# Keepsake Box Step by step



## woodnthings (Jan 24, 2009)

I started with a fire log of Flame Box Elder about 18" x 13" Dia. Took it home and sawed and resawed it on the bandsaw into pieces 1/2" thick about 2 1/2" to 3" wide. After room drying in the shop for several weeks some of the boards were cupped pretty badly, so I just went with the flow and glued them together to form a 12" x 18 curved top with about 1 1/2" rise at the center. Sanding and planing the top and inside curves until they were consistent, using a pattern to check occasionally on the inside and eyeball and touch on the top surface. I used to clay model cars so my visual and tactile skills are pretty fair. :thumbsup::thumbdown::laughing:


----------



## woodnthings (Jan 24, 2009)

*Keepsake box Cont'd.*

Then after the top was pretty well formed and sanded. I needed to rabbet the top to accept the end panels. I made a jig to hold the top vertically and a pattern with the corresponding curve and using a guide bushing against the pattern, routed a curved rabbet in the each end of the top. :blink:


----------



## woodnthings (Jan 24, 2009)

*Keepsake Box Cont'd*

I needed to make the edges of the top vertical so I used the table saw and a riser block under to keep it from shifiting on the break through. A little scary.... but it went well. No photo of that, too scary I forgot!
I also hand planed a horizontal flat strip along the length of the top inside, 1/4" wide to accept the rabbets in the front and rear panels .

I needed to transfer the curved rabbett in the top onto the ends. A pencil compass got me pretty close on the first attempt and a 2nd try was almost perfect. That allowed me to dry fit some parts leaving some overhang to sand off later after gluing up.


----------



## woodnthings (Jan 24, 2009)

*Keepsake Box Cont'd*

I decided I did not want a typical straight horizontal parting line between the top and bottom. With a curved top the cut line should/could be curved as well. 
The trick here was to precut the curves partially through but not quite to the corners on the bandsaw to leave enough stock to keep things from falling apart. Both sides and the front and rear got the partial cut. A sliver of wood acted as a temporary spacer until assembly. Then the cut was completed after gluing up with a pull saw through the corners. Worked Great!


----------



## woodnthings (Jan 24, 2009)

*Keepsake Box Cont'd*

Now I have the completed box in two parts top and bottom. Let the sanding begin! Sanded with 180 grit until every surface was smooth.

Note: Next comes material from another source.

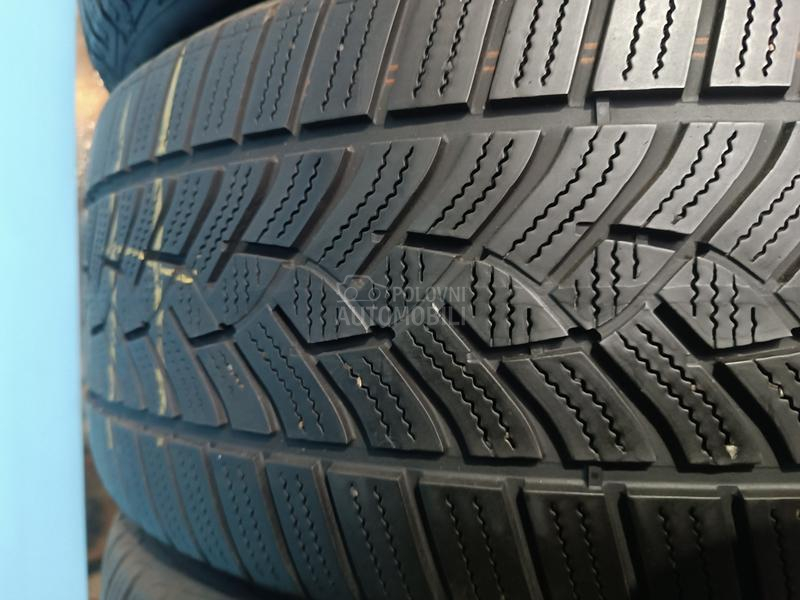 Goodyear 225/45 R18 Zimska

Then the hinge question came up. I found some neat quadrant hinges at Rockler, but with no instructions I was stumped. So many experiments and trials on some scraps later, I decided to take the plunge and saw kerf them in from the back and fill the kerfs later.


----------



## woodnthings (Jan 24, 2009)

*Keepsake Box Cont'd*

With that dilemma solved it's on to the next one, what to use for a finish?? :blink: I had posted that question here....got a few words of wisdom and tried shellac and satin brushing lacquer by Deft. I went with the Deft and was not disappointed. After 4 coats and block sanding with 180 grit to level out the surfaces, I got the desired low luster finish with a Scotchbrite pad.


----------



## woodnthings (Jan 24, 2009)

*Keepsake Box Cont'd*

With the finish finished I took some photos.


----------



## woodnthings (Jan 24, 2009)

*Keepsake Box Finished!*

Final Photos

:yes: bill


----------



## woodnthings (Jan 24, 2009)

*OMT One more thing*

I didn't mention how much of a PITA mortising the little lock in the backside was. :furious: But finally after many slips of the chisel, I finally got it flush and drilled the key hole. I made a brass escutcheon to tidy up the key hole and add detail to the front. :thumbsup: 
I might add a brass plate with "Keepsake Box" on it . I donno? bill


----------



## JimBobWay (Mar 20, 2009)

Thanks for the write-up on this. It looks really good. I especially liked how you worked with the warping and just let it be to make the lid. Nice work!


----------



## garryswf (Aug 17, 2009)

*Very Nice*

Bill,
You done a fantastic job on the box, whoever gets it will be very lucky. Looked at this step by step post about the construction of this project and just have one question. Is there any way you can take those hindges back off the box so everyone can see exactly what they look like :laughing::laughing::laughing:. A video of the chiseling process would also help everyone too :laughing::laughing::laughing::laughing::laughing:. Hey just jerkin your chain.


----------



## Chad (May 10, 2009)

Very nice! Thanks for the full project thread I'm gonna save it for reference, I,ve never tried a box with a curved lid and opening. Thanks again for the post!


----------



## woodnthings (Jan 24, 2009)

*Making a curved top*

Chad, I left out a few details, probably because I didn't always remember to take a photo of every step. But to join the curved/cupped boards I remember setting the jointer fence to an angle that seemed to make the best overall curve then carefully milled that angle on the edges. There might be a better way, some sort of jig but you end up spending more time making jigs than working on the project itself. :laughing:
But that way you can make several of the same pieces since you're all set up.
The curved rabbet jig was pretty clever, if I say so myself.  
Good Luck if you start one. :thumbsup: bill
The Charles Neil thread, 
http://www.woodworkingtalk.com/f13/bombe-chest-chest-13546/
shows how to make large curved surfaces by dadoing out the waste at various heights and using saw kerfs and planing away until it's smooth.


----------



## woodnthings (Jan 24, 2009)

*The "Finished" Keepsake Box*

I think this is it! :yes: :thumbsup: Finally...:smile: bill


----------



## garryswf (Aug 17, 2009)

*Wow*

Bill,
The finished box looks super, I do like the way yo finished the inside. Great job.


----------



## Jimbo. (Jan 28, 2009)

woodnthings said:


> I didn't mention how much of a PITA mortising the little lock in the backside was. :furious: But finally after many slips of the chisel, I finally got it flush and drilled the key hole.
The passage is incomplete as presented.